- [What is required]:
Copy the lines below exactly, starting at the one with "Marko Suede-Look Two-Piece" and ending at the one with "Red Shade Of", and leave out any picture.

- [Listed entries]:
....

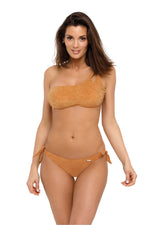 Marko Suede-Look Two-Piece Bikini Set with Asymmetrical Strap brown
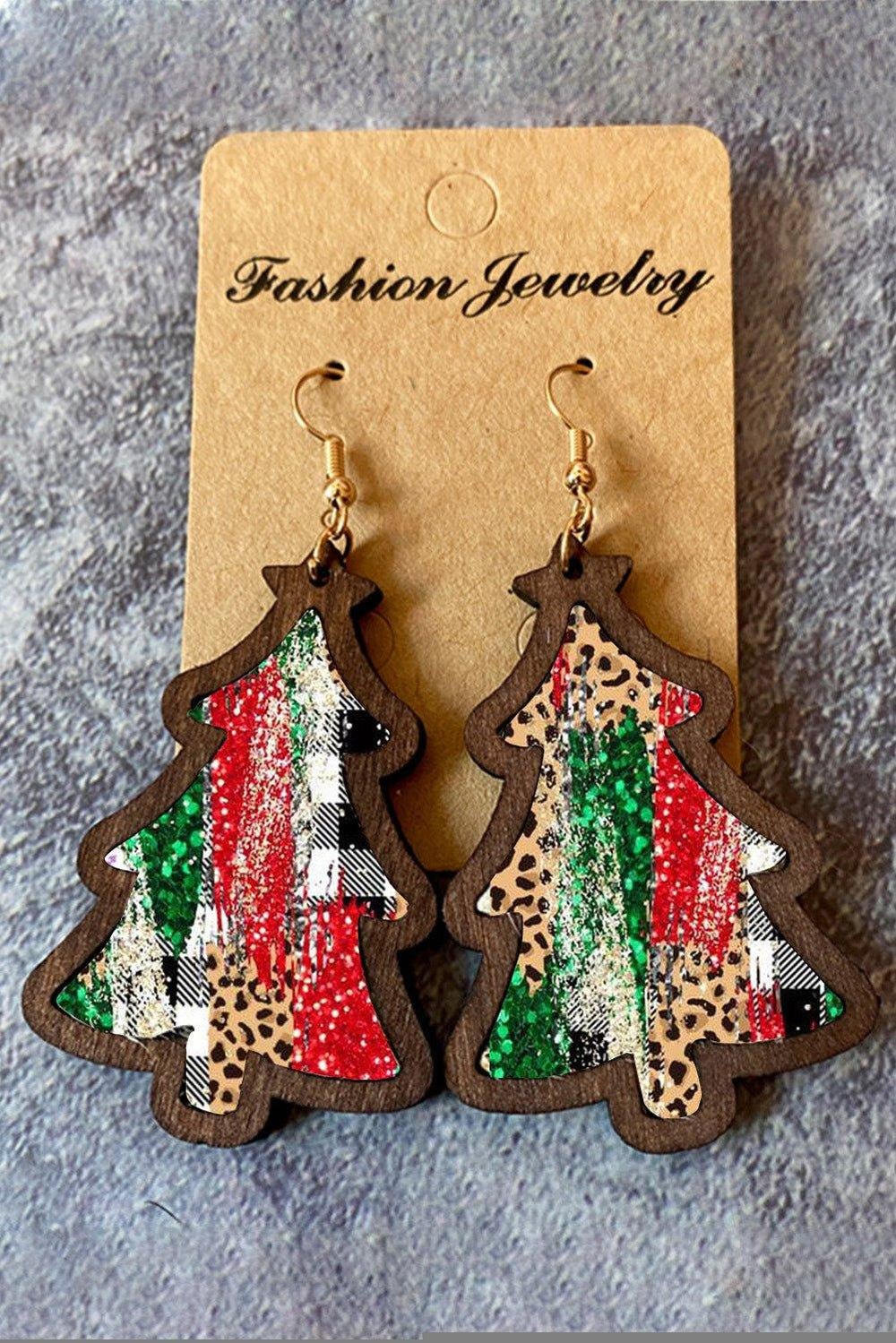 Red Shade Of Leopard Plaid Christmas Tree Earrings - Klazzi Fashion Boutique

....

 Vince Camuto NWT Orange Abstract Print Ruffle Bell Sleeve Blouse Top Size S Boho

....

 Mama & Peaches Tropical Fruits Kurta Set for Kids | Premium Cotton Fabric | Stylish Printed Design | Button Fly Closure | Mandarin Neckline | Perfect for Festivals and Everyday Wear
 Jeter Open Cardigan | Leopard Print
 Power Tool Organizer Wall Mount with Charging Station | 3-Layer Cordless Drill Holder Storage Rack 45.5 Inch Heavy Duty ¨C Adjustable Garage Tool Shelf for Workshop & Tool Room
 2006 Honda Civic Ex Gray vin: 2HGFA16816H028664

....

- [Result of the exercise]:
 Marko Suede-Look Two-Piece Bikini Set with Asymmetrical Strap brown
 Red Shade Of Leopard Plaid Christmas Tree Earrings - Klazzi Fashion Boutique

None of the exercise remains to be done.